◆ Directions for this task ◆
The full listing, exactly as written and with no images, is the expected output.

◆ Information shown ◆
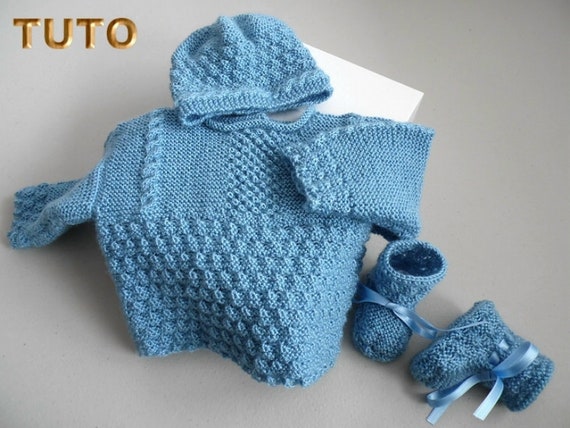 Tuto Tu 029 1m Pdf Tricot Bebe Ensemble Bleu Complet Tricot Etsy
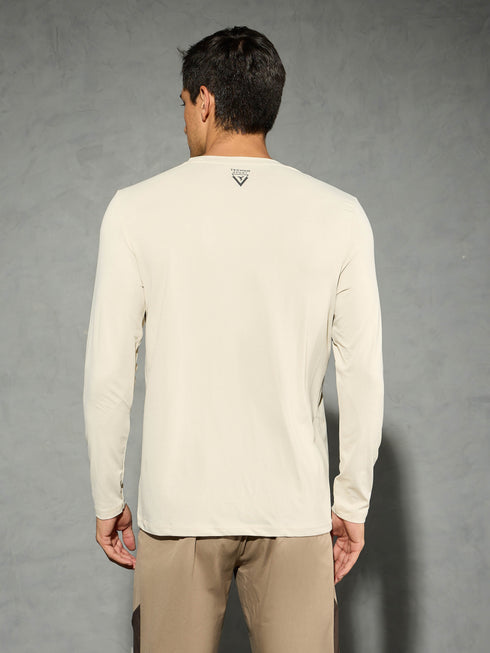 Men Solid Slim Fit Round Neck Sports T-shirt with COTFLEX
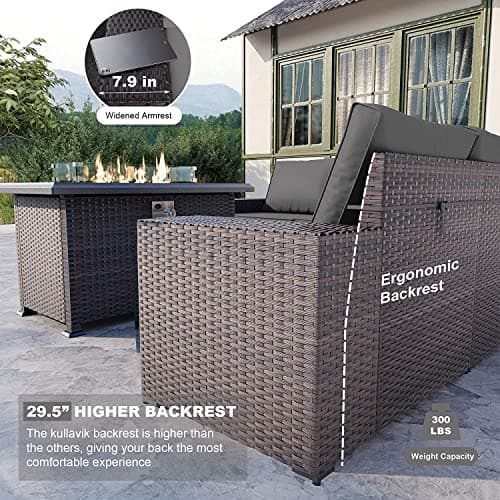 Kullavik 13 Pieces Outdoor Patio Furniture Set with 43" 55000BTU Gas Propane Fire Pit Table PE Wicker Rattan Sectional Sofa Patio Conversation Sets,Grey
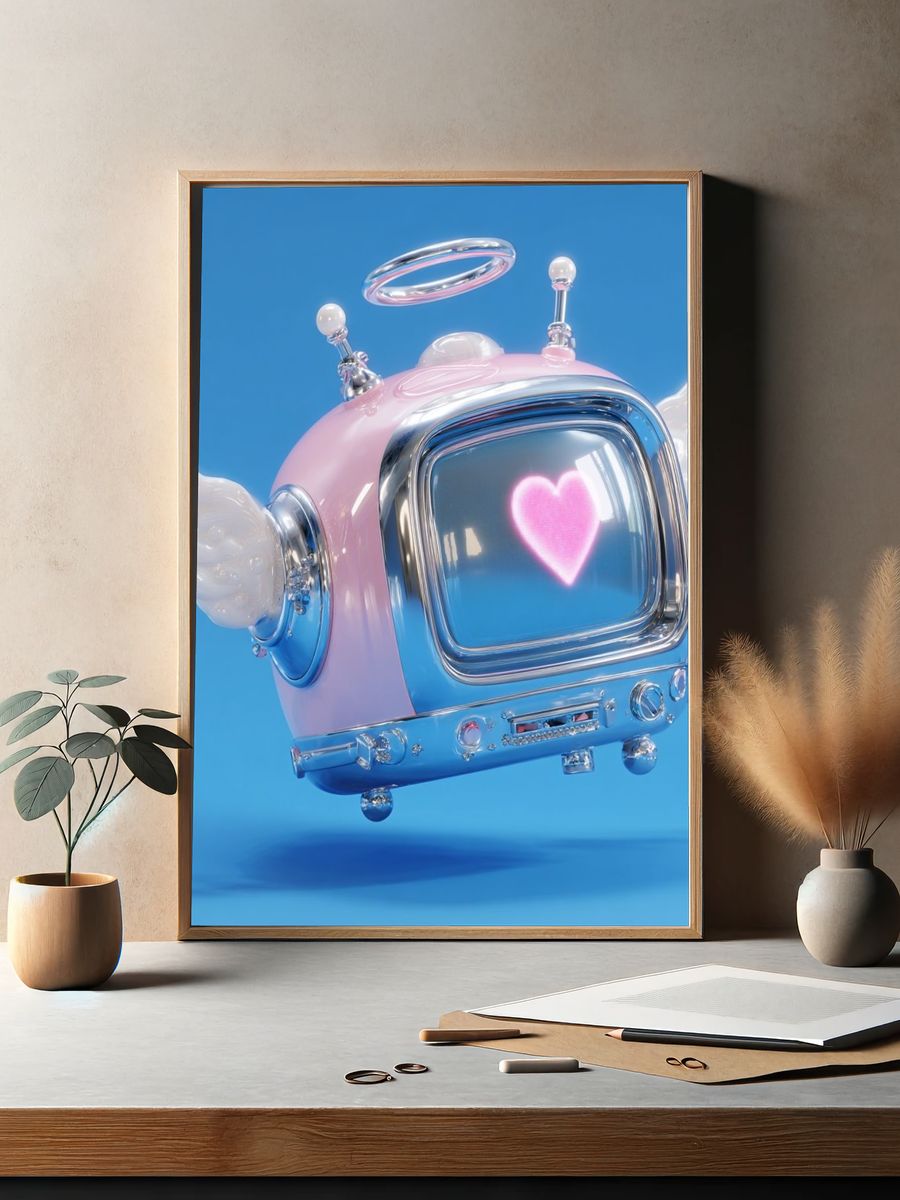 Floating Angel TV Pop Art Print. — room view 2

◆ Solution to the exercise ◆
 Tuto Tu 029 1m Pdf Tricot Bebe Ensemble Bleu Complet Tricot Etsy
 Men Solid Slim Fit Round Neck Sports T-shirt with COTFLEX
 Kullavik 13 Pieces Outdoor Patio Furniture Set with 43" 55000BTU Gas Propane Fire Pit Table PE Wicker Rattan Sectional Sofa Patio Conversation Sets,Grey
 Floating Angel TV Pop Art Print. — room view 2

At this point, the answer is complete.